Green Grants Guidelines
NYU Green Grants fund an array of projects that aim to improve the university’s sustainable operational performance, increase environmental literacy, foster community engagement, advance applied research and design, and demonstrate the viability of emerging practices and technologies for sustainability. At the Office of Sustainability, we define sustainability as addressing the needs of future generations while meeting our current needs, by recognizing and respecting nature’s limits socially, economically, and ecologically.
This application guide is meant to help you understand the process of applying for a Green Grant, what we are looking for in a project, and provides advice on how to submit the strongest possible proposal.
Microgrant applications are accepted on a rolling basis and Green Grant applications are accepted on a semesterly basis. The deadlines for the mandatory preliminary Expression of Interest (EOI) can be found on the Green Grants webpage.
1.3 EXPRESSION OF INTEREST (EOI)
Prospective applicants must submit a brief preliminary Expression of Interest, which outlines the concept, scope, and budget of a project you are considering submitting as a full proposal. After submitting an EOI, applicants will be prompted to schedule a consultation. Program staff reviews EOIs, often with support from the current year's Green Grants Committee when necessary. During the consultation, program staff will provide feedback for EOIs and answer any questions a grantee may have before submitting a proposal.

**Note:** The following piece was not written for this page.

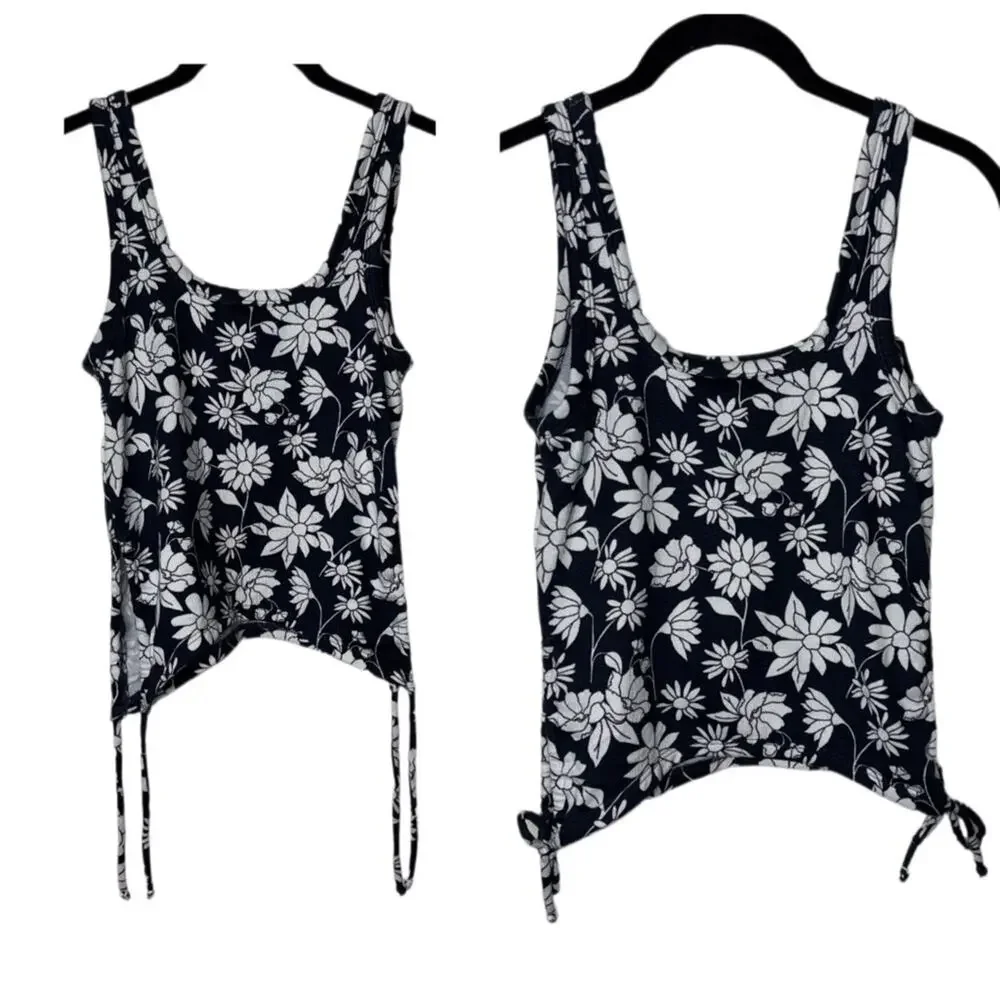 Gilly Hicks Sleep Cami tank women's size medium blue w/ white flowers side ties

EOI feedback is designed to highlight obstacles that applicants should address before submitting full proposals, suggest dialogue between applicants developing similar or synergistic ideas, and share initial reactions to the scope and intent of applicants’ projects. EOIs also enable program staff to connect applicants with relevant university experts, administrative decision-makers, and other useful resources.
Projects that pilot innovative ways to improve material, physical, or infrastructural elements at NYU, from food services to energy reduction. Please note that proposed projects that alter the physical structure of any NYU building (i.e. roofs, windows...etc.) fall outside the scope of the Green Grants program and are not eligible for funding.
Activities that foster a campus culture of sustainability, such as efforts to improve environmental literacy, advance environmental justice, and stimulate behavior change and activism.
RESEARCH & DESIGN
Research or design projects that create new sustainability opportunities. These projects must be integrated with the university campus or community through use of NYU as a test-bed for data collection, or by producing deliverables with potential to catalyze operational, academic, or cultural change at NYU. “Living Lab” projects are encouraged as they cyclically engage both data collection and application. Entrepreneurial ideas typically fall under this category, and both for-profit and non-profit ventures are eligible.
Projects which improve the university’s capacity for educating around sustainability, including curricular initiatives. We highly recommend that faculty are involved in these projects.
Grants may also explore any combination of the above categories.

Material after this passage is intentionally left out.